Copy the lines below exactly, starting at the one with "So if we go" and ending at the one with "Well hello everyone, welcome", and leave out any picture.

#### Information supplied
-- Opening Marker --
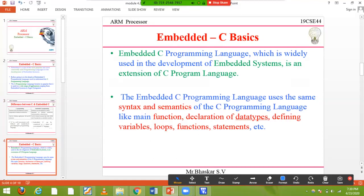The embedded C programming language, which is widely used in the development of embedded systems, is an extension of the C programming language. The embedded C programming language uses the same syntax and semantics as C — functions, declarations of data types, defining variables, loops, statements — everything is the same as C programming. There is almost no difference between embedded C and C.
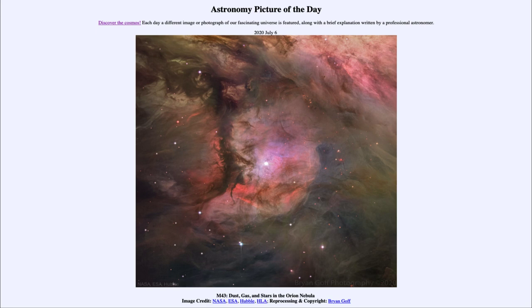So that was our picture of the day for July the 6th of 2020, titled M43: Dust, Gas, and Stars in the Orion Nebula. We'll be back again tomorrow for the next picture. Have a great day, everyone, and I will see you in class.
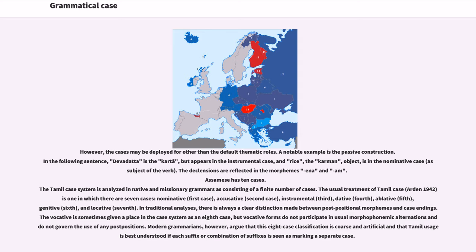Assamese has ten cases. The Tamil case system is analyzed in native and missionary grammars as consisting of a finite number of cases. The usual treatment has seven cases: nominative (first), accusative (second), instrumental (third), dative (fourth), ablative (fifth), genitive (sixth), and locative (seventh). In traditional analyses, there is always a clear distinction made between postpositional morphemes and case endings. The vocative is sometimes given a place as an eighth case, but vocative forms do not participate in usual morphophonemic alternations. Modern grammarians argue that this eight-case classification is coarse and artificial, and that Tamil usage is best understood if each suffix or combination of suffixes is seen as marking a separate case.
-- Closing Marker --
-- Opening Marker --
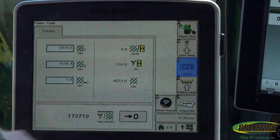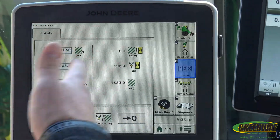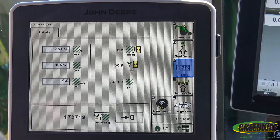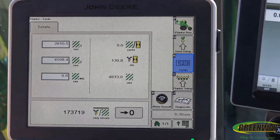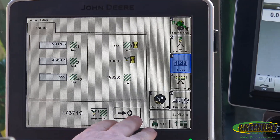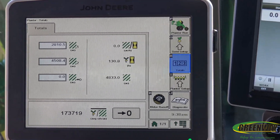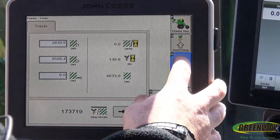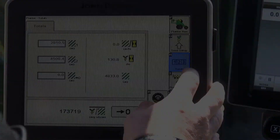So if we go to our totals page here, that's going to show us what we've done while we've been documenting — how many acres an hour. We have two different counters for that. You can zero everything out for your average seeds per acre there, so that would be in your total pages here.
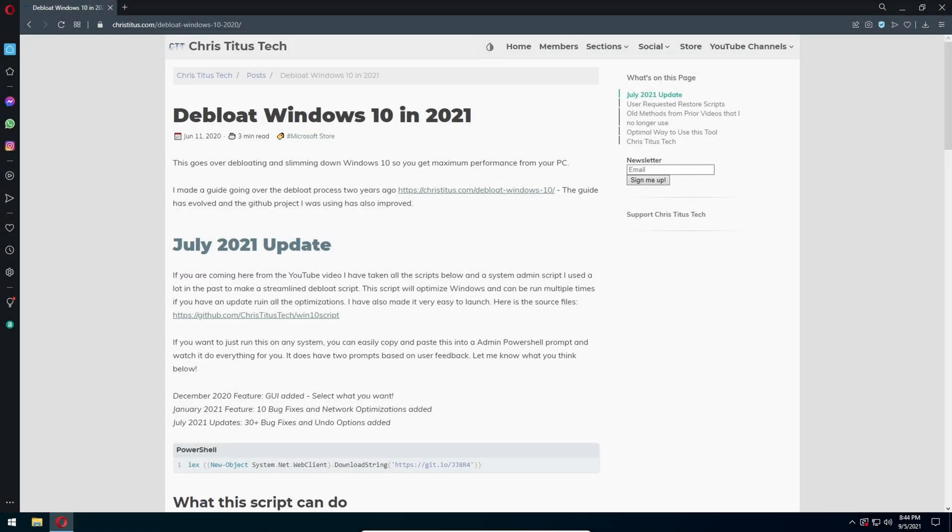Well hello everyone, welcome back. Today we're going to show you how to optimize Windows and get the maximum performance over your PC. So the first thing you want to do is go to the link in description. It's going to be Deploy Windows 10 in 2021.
-- Closing Marker --
#### Solution for this exercise
So if we go to our totals page here, that's going to show us what we've done while we've been documenting — how many acres an hour. We have two different counters for that. You can zero everything out for your average seeds per acre there, so that would be in your total pages here.
Well hello everyone, welcome back. Today we're going to show you how to optimize Windows and get the maximum performance over your PC. So the first thing you want to do is go to the link in description. It's going to be Deploy Windows 10 in 2021.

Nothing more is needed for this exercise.